AIM OF THE EXERCISE:
Would you copy the material below word for word, beginning with its first line and ending with the line that contains "Fototapeta na wymiar Wind"?
§
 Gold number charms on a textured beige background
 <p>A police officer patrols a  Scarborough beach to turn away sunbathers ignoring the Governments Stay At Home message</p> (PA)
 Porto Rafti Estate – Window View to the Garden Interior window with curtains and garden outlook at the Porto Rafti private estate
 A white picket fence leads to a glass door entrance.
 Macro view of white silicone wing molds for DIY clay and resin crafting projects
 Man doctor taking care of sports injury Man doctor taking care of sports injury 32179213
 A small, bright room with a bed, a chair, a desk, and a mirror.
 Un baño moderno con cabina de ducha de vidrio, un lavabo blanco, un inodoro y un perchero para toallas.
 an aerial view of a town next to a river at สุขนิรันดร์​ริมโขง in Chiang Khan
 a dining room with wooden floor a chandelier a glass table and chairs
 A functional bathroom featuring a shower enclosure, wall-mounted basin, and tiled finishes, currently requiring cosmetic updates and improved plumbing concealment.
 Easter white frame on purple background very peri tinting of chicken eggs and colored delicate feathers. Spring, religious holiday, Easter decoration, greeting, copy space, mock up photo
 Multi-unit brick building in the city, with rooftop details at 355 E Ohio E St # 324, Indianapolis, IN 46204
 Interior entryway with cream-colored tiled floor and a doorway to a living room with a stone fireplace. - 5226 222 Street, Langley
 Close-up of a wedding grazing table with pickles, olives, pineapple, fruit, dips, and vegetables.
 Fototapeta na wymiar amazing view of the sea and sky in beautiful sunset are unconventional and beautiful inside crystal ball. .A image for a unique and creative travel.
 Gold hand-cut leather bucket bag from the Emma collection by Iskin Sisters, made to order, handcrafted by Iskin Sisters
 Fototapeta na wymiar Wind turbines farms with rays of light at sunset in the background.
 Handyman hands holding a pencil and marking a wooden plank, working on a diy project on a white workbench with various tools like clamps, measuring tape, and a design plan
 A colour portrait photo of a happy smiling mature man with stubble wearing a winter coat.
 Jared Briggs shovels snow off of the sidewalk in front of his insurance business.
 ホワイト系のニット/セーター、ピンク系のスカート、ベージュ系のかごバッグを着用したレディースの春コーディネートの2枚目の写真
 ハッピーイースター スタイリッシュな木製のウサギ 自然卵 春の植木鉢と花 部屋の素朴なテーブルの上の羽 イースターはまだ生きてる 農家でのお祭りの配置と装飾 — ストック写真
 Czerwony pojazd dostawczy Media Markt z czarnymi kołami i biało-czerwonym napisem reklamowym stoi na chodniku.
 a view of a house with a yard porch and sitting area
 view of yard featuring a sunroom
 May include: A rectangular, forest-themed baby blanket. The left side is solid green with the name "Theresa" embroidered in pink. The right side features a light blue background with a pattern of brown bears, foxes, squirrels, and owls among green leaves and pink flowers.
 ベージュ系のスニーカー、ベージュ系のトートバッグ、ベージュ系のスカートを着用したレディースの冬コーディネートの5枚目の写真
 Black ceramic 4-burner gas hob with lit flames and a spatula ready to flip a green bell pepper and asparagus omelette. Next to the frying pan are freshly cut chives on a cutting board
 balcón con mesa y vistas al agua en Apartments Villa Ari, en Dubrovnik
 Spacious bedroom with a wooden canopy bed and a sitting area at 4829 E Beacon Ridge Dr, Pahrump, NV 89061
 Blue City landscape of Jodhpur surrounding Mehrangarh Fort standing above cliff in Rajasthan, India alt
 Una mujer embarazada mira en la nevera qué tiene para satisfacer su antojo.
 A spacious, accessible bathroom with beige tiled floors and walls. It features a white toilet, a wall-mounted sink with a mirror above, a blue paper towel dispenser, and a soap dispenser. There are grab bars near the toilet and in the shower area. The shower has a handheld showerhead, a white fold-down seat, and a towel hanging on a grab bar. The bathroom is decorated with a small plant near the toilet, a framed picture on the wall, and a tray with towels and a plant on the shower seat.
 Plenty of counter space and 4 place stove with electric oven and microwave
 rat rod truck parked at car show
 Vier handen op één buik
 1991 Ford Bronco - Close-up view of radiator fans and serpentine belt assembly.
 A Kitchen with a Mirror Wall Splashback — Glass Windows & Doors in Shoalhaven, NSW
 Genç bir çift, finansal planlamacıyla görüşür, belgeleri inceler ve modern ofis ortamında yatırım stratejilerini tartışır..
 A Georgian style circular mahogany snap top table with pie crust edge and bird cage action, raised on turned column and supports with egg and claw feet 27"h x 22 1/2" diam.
§
EXERCISE ANSWER:
 Gold number charms on a textured beige background
 <p>A police officer patrols a  Scarborough beach to turn away sunbathers ignoring the Governments Stay At Home message</p> (PA)
 Porto Rafti Estate – Window View to the Garden Interior window with curtains and garden outlook at the Porto Rafti private estate
 A white picket fence leads to a glass door entrance.
 Macro view of white silicone wing molds for DIY clay and resin crafting projects
 Man doctor taking care of sports injury Man doctor taking care of sports injury 32179213
 A small, bright room with a bed, a chair, a desk, and a mirror.
 Un baño moderno con cabina de ducha de vidrio, un lavabo blanco, un inodoro y un perchero para toallas.
 an aerial view of a town next to a river at สุขนิรันดร์​ริมโขง in Chiang Khan
 a dining room with wooden floor a chandelier a glass table and chairs
 A functional bathroom featuring a shower enclosure, wall-mounted basin, and tiled finishes, currently requiring cosmetic updates and improved plumbing concealment.
 Easter white frame on purple background very peri tinting of chicken eggs and colored delicate feathers. Spring, religious holiday, Easter decoration, greeting, copy space, mock up photo
 Multi-unit brick building in the city, with rooftop details at 355 E Ohio E St # 324, Indianapolis, IN 46204
 Interior entryway with cream-colored tiled floor and a doorway to a living room with a stone fireplace. - 5226 222 Street, Langley
 Close-up of a wedding grazing table with pickles, olives, pineapple, fruit, dips, and vegetables.
 Fototapeta na wymiar amazing view of the sea and sky in beautiful sunset are unconventional and beautiful inside crystal ball. .A image for a unique and creative travel.
 Gold hand-cut leather bucket bag from the Emma collection by Iskin Sisters, made to order, handcrafted by Iskin Sisters
 Fototapeta na wymiar Wind turbines farms with rays of light at sunset in the background.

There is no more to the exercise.